__What you need to do__: Your answer should hold exactly the lines below from the line with "Intervención de Carmen" through the line with "1 Bedroom Apartment", both included, and no pictures at all.

Data for this task below:

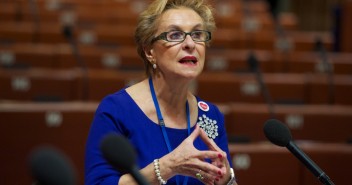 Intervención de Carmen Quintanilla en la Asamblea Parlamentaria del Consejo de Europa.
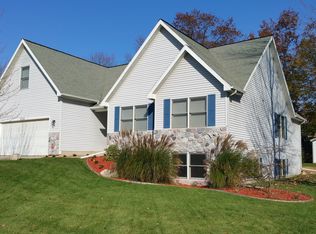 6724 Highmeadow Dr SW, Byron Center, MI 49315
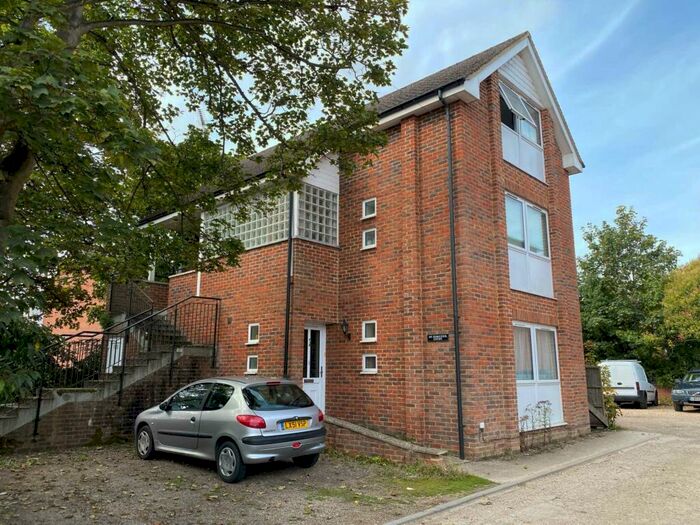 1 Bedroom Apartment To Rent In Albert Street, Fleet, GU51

End of Data for this task.
Data for this task below:

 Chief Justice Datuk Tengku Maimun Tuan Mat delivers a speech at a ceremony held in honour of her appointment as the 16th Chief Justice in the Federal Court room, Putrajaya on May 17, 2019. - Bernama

End of Data for this task.
Data for this task below:

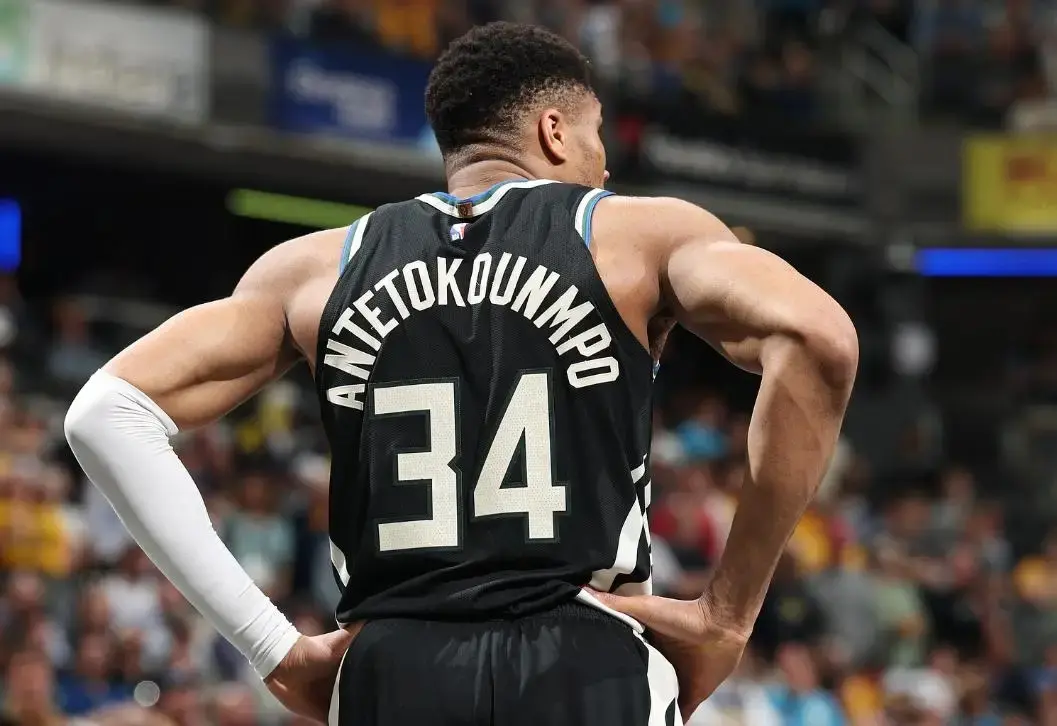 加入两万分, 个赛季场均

End of Data for this task.

__Answer to this problem__:
 Intervención de Carmen Quintanilla en la Asamblea Parlamentaria del Consejo de Europa.
 6724 Highmeadow Dr SW, Byron Center, MI 49315
 1 Bedroom Apartment To Rent In Albert Street, Fleet, GU51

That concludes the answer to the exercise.